Встретились они в итальянской закусочной. Там почти никого не было. Сейчас, незадолго до закрытия, народ в панике метался по магазинам, делая последние закупки, или проводил время, оставшееся до наступления сочельника, в более изысканных заведениях.
Давид пришел раньше Мари, закусочная находилась поблизости. И смиренно сидел за пластиковым столиком перед чашкой капуччино.
Вот и Мари. Она помахала ему рукой, повесила в гардеробе пальто. На ней была узкая черная юбка и красный пуловер. Черную вязаную шапочку, надвинутую низко на лоб, она не сняла. Наверно, знала, что так ей очень к лицу.
Давид вскочил, ненароком расплескав на блюдце немного капуччино. Они поздоровались за руку и – впервые за все время знакомства – трижды чмокнули друг друга в щеку.
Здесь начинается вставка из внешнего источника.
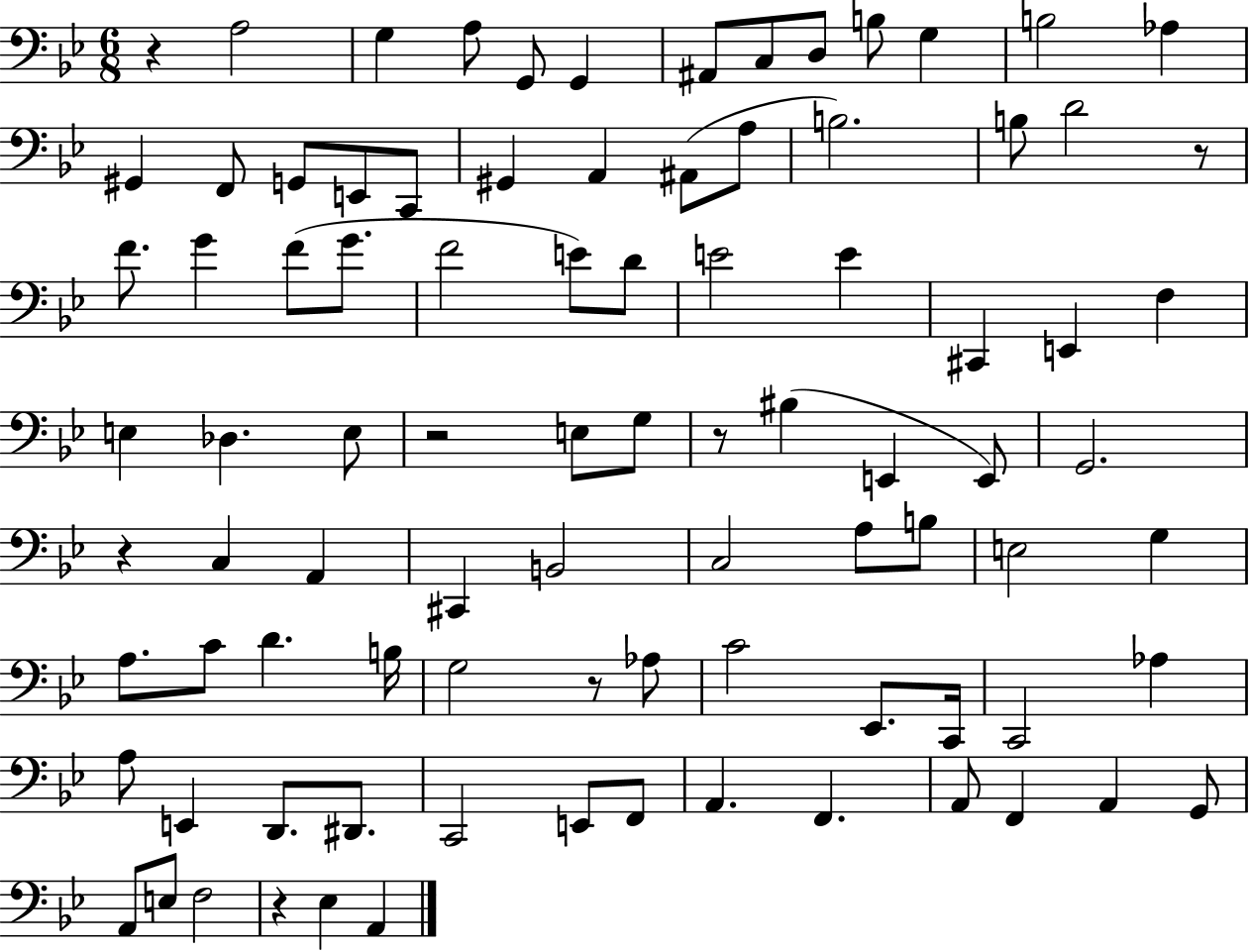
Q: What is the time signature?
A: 6/8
Мари положила руки на стол, наклонилась вперед, посмотрела ему в глаза и сказала:
– Я предупреждала тебя, что буду говорить начистоту.
11
Рождество Мари ненавидела не всегда. В раннем детстве она сгорала от нетерпения, дожидаясь, когда будет позволено открыть очередное окошечко в предрождественском календаре. А в тот вечер, когда наконец-то, наконец-то являлся младенец Христос, сидела, замирая от благоговения, под елкой и только после родительских уговоров разворачивала подарки.
Но после развода Рождество напоминало ей только о том, что родители расстались. Она праздновала его дважды: один раз с Миртой и очередным ее другом, а второй раз – с отцом и его жуткой новой женой.
В двенадцать лет она объявила, что больше не станет праздновать Рождество. У отца она не встретила никакого сопротивления. С Миртой оказалось сложнее. Когда на нее нападала рождественская депрессия – а чем старше она становилась, тем чаще страдала от депрессии, – у Мари просто духу не хватало игнорировать Рождество.
Но теперь, когда Мирта уехала в Кран-Монтану и Мари могла спокойно провести Рождество с видеофильмами и готовой пиццей, ее вдруг потянуло в компанию. Поэтому последние предрождественские вечера она, к собственному удивлению, проторчала в «Эскине», с новой эрзац-семьей. И даже по ночам не всегда оставалась одна. Две ночи провела с Ральфом, с которым, по правде говоря, вовсе не собиралась заводить роман.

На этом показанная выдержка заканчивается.